The below sections contains all of our source codes.

In [None]:
from dataclasses import dataclass
from typing import List, Tuple
import numpy as np
import os
import glob
import scipy.stats as st
from scipy import stats
import dataclasses
import mlflow

@dataclass
class NormalDistribution:
    mean: float
    std: float

@dataclass
class Part:

    type: str
    sub_part_name: str
    sensor: str
    signals: List   # Signal is numpy array of (500,3) with [frequency, Z, X]

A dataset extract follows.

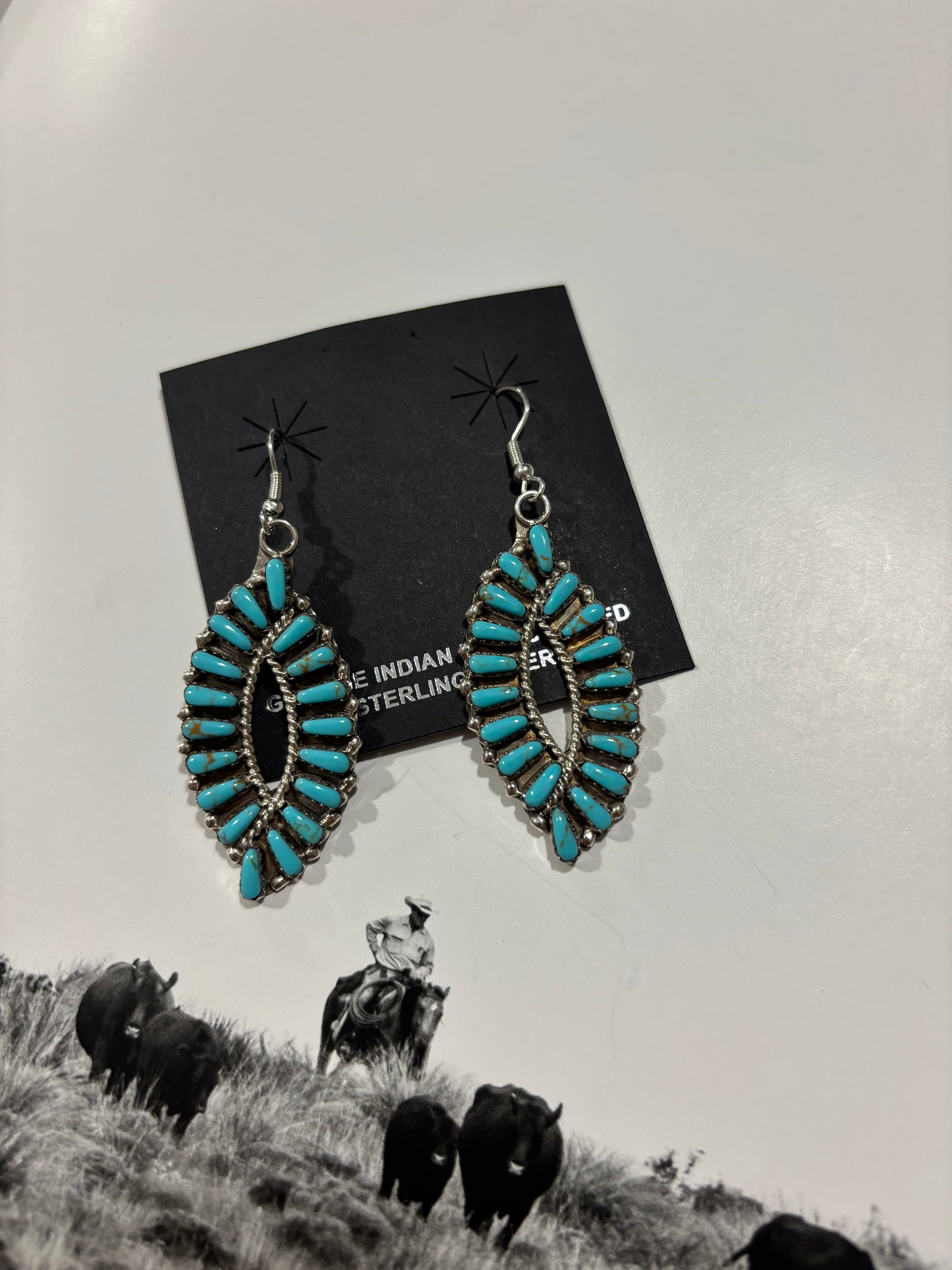 Tamara Benally Kingman Earrings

def load_part_data(part_type: str) -> List[Part]:

    parts = []
    for part_dir in os.listdir(f'psig_matcher/data/{part_type}'):

        sensor = part_dir[1:]
        measurement_files = glob.glob(f'psig_matcher/data/{part_type}/{part_dir}/*.npy')
        measurements = [np.load(f) for f in measurement_files]
        parts.append(Part(part_type, part_dir, sensor, measurements))

    return parts

def limit_deminsionality(parts: List[Part], frequeny_indexes: List[int]) -> List[Part]:
    """Use only a subset of the frequencies for the analysis. This effectivley transforms the
    500 dimension multivariant distribution to a n-dimentional distribution where n is the
    length of the frequency_indexes.
    Further, this assumes use of the X axis"""

    return [
        dataclasses.replace(part, signals=[[signal[index][1] for index in frequeny_indexes] for signal in part.signals])
        for part in parts]

def compute_normal_ci(x: List[float], confidence: float) -> Tuple[float, float]:
    """Computes the confidence interval for a given confidence bound."""

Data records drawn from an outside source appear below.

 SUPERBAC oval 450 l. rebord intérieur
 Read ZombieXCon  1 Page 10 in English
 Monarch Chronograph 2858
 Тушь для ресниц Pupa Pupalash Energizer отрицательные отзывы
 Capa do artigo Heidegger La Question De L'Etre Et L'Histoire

    if np.mean(x) == 0: return (0, 0)
    
    if len(x) < 30:
        return st.t.interval(confidence, len(x)-1, loc=np.mean(x), scale=st.sem(x))
    else:
        return stats.norm.interval(confidence, loc=np.mean(x), scale=np.std(x))

def estimate_normal_dist(x: List[float], confidence: float) -> NormalDistribution:
    """Estimate the normal distribution for the given data.
    This is done using: https://handbook-5-1.cochrane.org/chapter_7/7_7_3_2_obtaining_standard_deviations_from_standard_errors_and.htm#:~:text=The%20standard%20deviation%20for%20each,should%20be%20replaced%20by%205.15.
    """

    val_comp = st.t.ppf if len(x) < 30 else stats.norm.ppf
    lower, upper = compute_normal_ci(x, confidence)

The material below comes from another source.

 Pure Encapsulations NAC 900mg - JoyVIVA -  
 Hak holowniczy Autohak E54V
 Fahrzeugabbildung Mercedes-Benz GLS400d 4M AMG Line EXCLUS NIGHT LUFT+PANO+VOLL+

    val = val_comp(confidence, len(x)-1)
    std = np.sqrt(len(x))*(upper-lower)*val
    return NormalDistribution(np.mean(x, axis=0), std)


def probability_of_multivariant_point(mu: List[float], cov: List[List[float]], x: List[float]) -> float:

    #https://stats.stackexchange.com/questions/331283/how-to-calculate-the-probability-of-a-data-point-belonging-to-a-multivariate-nor
    # Double check this math
    m_dist_x = np.dot((x-mu).transpose(),np.linalg.inv(cov))
    m_dist_x = np.dot(m_dist_x, (x-mu))
    return 1-stats.chi2.cdf(m_dist_x, 3)

def estimate_overlap_of_set_with_sample_signals(parts: List[Part], samples: int, meta_pdf_ci: float, part_pdf_ci: float, confidence_bound: float) -> float:
    """ I believe this is the best solution out of all them. We are directly modeling the distribution/state space that
    the signals come from, and sampling from that. This directly correlates with the CI and is intuitive. See notion for
    more details and defense. """

    min_confidence = 1 - confidence_bound
    signals = [
        signal for part in parts
        for signal in part.signals]

    part_pdfs = [estimate_normal_dist(part.signals, part_pdf_ci) for part in parts]
    sample_pdf = estimate_normal_dist(signals, meta_pdf_ci)
    
    state_space_samples = np.random.multivariate_normal(sample_pdf.mean, np.diag(sample_pdf.std), samples)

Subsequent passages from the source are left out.